Al die alarmerende berichten in het Journaal over de crisis in de bankwereld en die zenuwachtig hollende mannen op de beurzen en die grafieken van dalende koersen - meneer Foppe keek er met stijgende ongerustheid naar.
Vooral de vraag wat hij ermee te maken had, of zou krijgen, hield hem uit de slaap.
Gisteren vond hij een enveloppe van zijn bank in de bus, die hij met trillende handen openmaakte.
'Geachte heer Foppe,
U hebt via de media ongetwijfeld vernomen dat er een grote crisis bij de banken is uitgebroken.
Dus zult u begrijpen dat we u moeten mededelen dat het geld dat u bij ons op een spaarrekening had geplaatst helaas geheel is 'verdampt'.
Jammer. Het zal binnenkort zeker beter gaan, zodat wij uw spaarcentjes weer met blijdschap tegemoet kunnen zien.
Hoogachtend,
Meneer Zus en Zo, de bankdirecteur'
Maar nee dus. Het getal 3000, zijn appeltje voor de dorst in moeilijke tijden, lachte hem nog steeds toe.
Toch bleef hij de berichten over de geldcrisis met aandacht volgen. Maar echt begrijpen deed hij het niet. Er was sprake van een recessie die of voor de deur stond, of later zou komen - de huidige dip vormde slechts de voorbode van een wereldrecessie van catastrofale omvang.
En wat dan?
Meneer Foppe herinnerde zich ooit beelden te hebben gezien van de Grote Krach van 1929. Toen was het geld ineens niets meer waard geworden en gingen de mensen boodschappen doen met een kruiwagen vol bankbiljetten. Zijn dagelijkse halfje bruinbrood en halve liter halfvolle melk kostte omgerekend voor die tijd een halfmiljoen euro.

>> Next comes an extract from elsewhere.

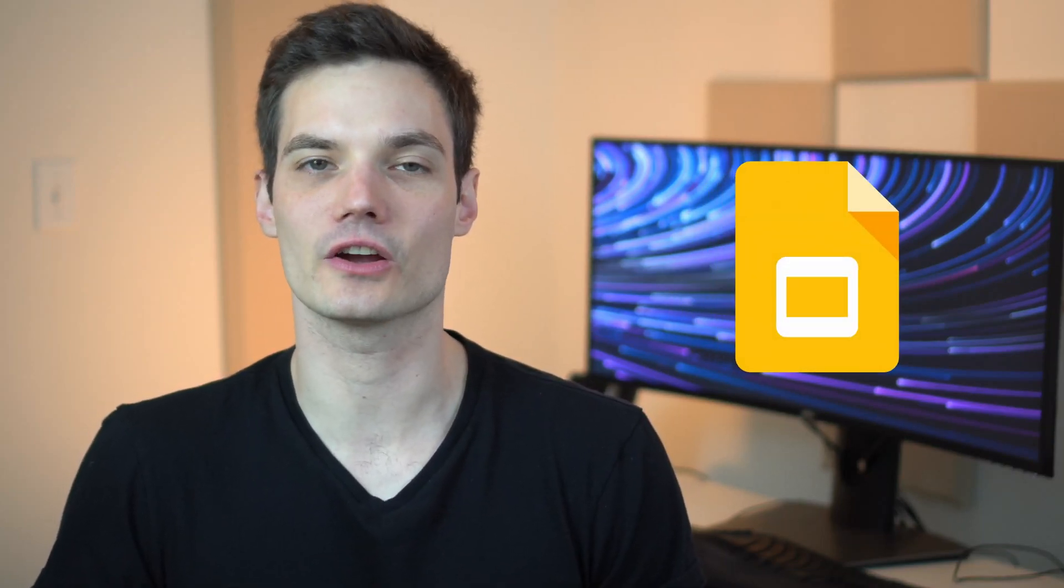Hi everyone, Kevin here. Today I want to show you how you can record a Google Slides presentation as a video, and more specifically as an MP4. So by doing that, you can create something that looks like this.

Om toch iets te kunnen doen, haalde meneer Foppe gistermiddag de oude koffer uit de berging, die hij onder de kapstok in het halletje klaarzette. Als de grote recessie zou komen, kon hij daar de bankbiljetten in vervoeren als hij boodschappen ging doen.
'Bankbiljetten?,' dacht hij vanmorgen met schrik, 'welke bankbiljetten?'
Voor zijn appeltje voor de dorst zou hij hooguit één appeltje kunnen kopen.